马尔可夫边界在表格预测中的应用:理论、实践与挑战
阅读原文· arxiv.org在标准图模型下,马尔可夫边界是使目标变量条件独立于其他特征的最小特征子集。本文在包含3450个任务的合成基准SCM3K上评估发现,直接将模型限制在理论“神谕”边界特征上,通常能显著提升预测性能,且特征空间越大越稀疏时改进越明显。然而,通过因果发现算法自动恢复边界再训练的常规流程效果不佳。原因有三:现有发现算法优化结构而非预测、误报与漏报的预测代价严重不对称,以及优于全特征的特征集远不止精确边界一种。
Under standard graphical assumptions, the Markov boundary of a target variable is the smallest set of features that renders every other feature redundant. Once the boundary is observed, the target is conditionally independent of the rest of the table. This is a tempting object for tabular prediction, since it names exactly the columns a model should need. Yet modern regressors are still trained on the full feature set. We ask whether the Markov boundary is genuinely useful for prediction on SCM3K, a 3,450-task synthetic SCM benchmark with feature counts from 40 to 1000 and six SCM families, evaluated with six regressors. The answer is more nuanced than the theory suggests.
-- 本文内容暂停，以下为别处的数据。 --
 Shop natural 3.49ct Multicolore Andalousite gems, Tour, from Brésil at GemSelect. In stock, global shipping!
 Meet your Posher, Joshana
Restricting a regressor to the oracle boundary often improves prediction substantially, and the improvement grows as the feature space becomes larger and sparser. But the natural pipeline of recovering the boundary with causal discovery and training on the recovered mask does not deliver. Existing estimators exhaust the compute budget before reaching the regime where the boundary helps most, and even where they run they rarely beat the full feature set. We trace this to three causes. Discovery optimizes structural recovery rather than prediction. False negatives and false positives carry sharply asymmetric predictive cost. The exact boundary is only one of many feature sets that beat all features. We then develop what these facts imply for prediction-aligned feature selection and for tabular models that learn to use causal structure.